A man in a striped red shirt hops and dashes at the base of the slope at the highest hill overlooking the small southern town. He doesn’t heed the danger of the weeded cliff a few steps behind him because he is laughing and yelling at his homemade kite struggling for flight in the wind. His friend cheers for him, or is telling him to watch out. The Spanish words machine gun through my brain into the fray of cheering people behind me. Dozens of children and adults howling and giggling at each other, pulling strings twisted together on the ground like thread at the bottom of a craft box. Two and three at a time, small colors on markered hexagons pop into the overcast sky.
An old woman in a hat next to me squeals and tugs on her tether; “Wooo! Wooo!”
I’m so busy looking up that I don’t realize that the hill is littered with refuse. I step over a crushed Crystal beer can and a deserted Puma sandal, a chunk missing from the toe. I think about a piece of that European rubber jumbling around in the belly of the goat next to me. He looks at us, and chews blankly.

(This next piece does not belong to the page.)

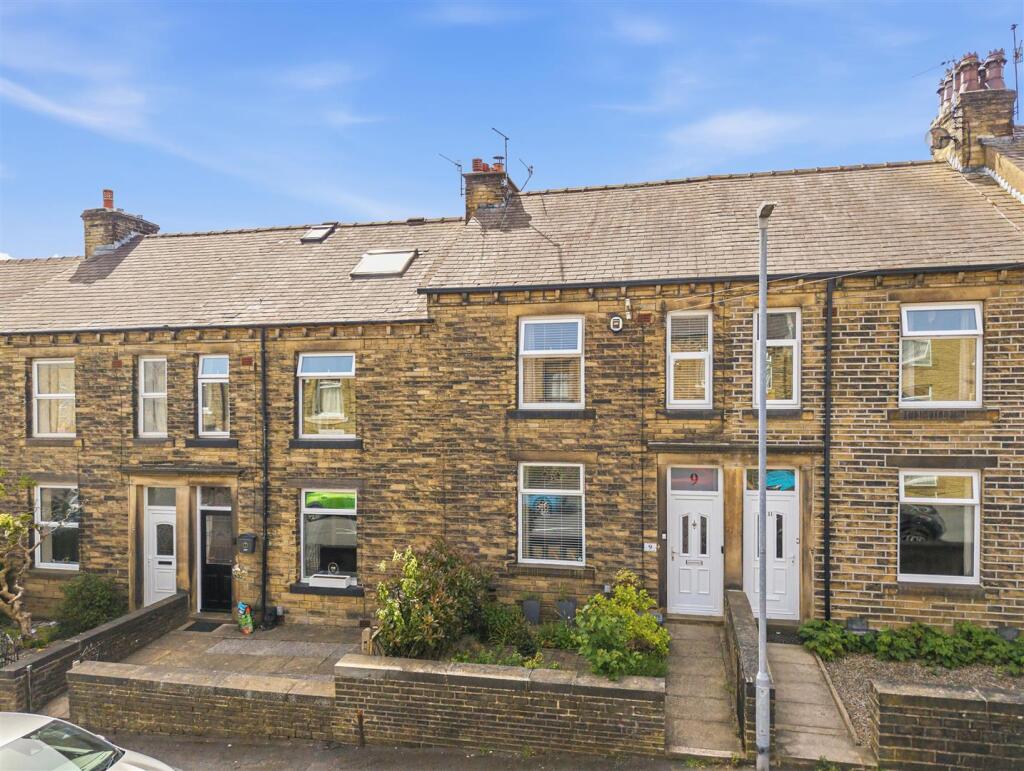 Main image of property: Waverley Road, Elland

The rest of the Americans in the group storm the hill like a group of Ponce de Leóns discovering the fountain of youth. We are strangers to this joy. Unfettered in its natural state, sterling happiness, created by a makeshift runway on a scrap yard, with people launching hand made kites. Clickety click, the sound of cameras shutter as we desperately try and bottle it, wanting to hide this Cuban joy in our luggage along with the contraband rum and cigars.
The power of the moment overwhelmed. The innocence of the moment was too pure to let even my western guilt taint it. I put my camera away and sat on a broken cement block and sketched for a brief minute, feeling warm from the sun that radiated from the people in their delight, just as drops started to fall from the cloud above.
The joy came, and it was.
Then it rained, and it went.
The laughter roaring into dusty air.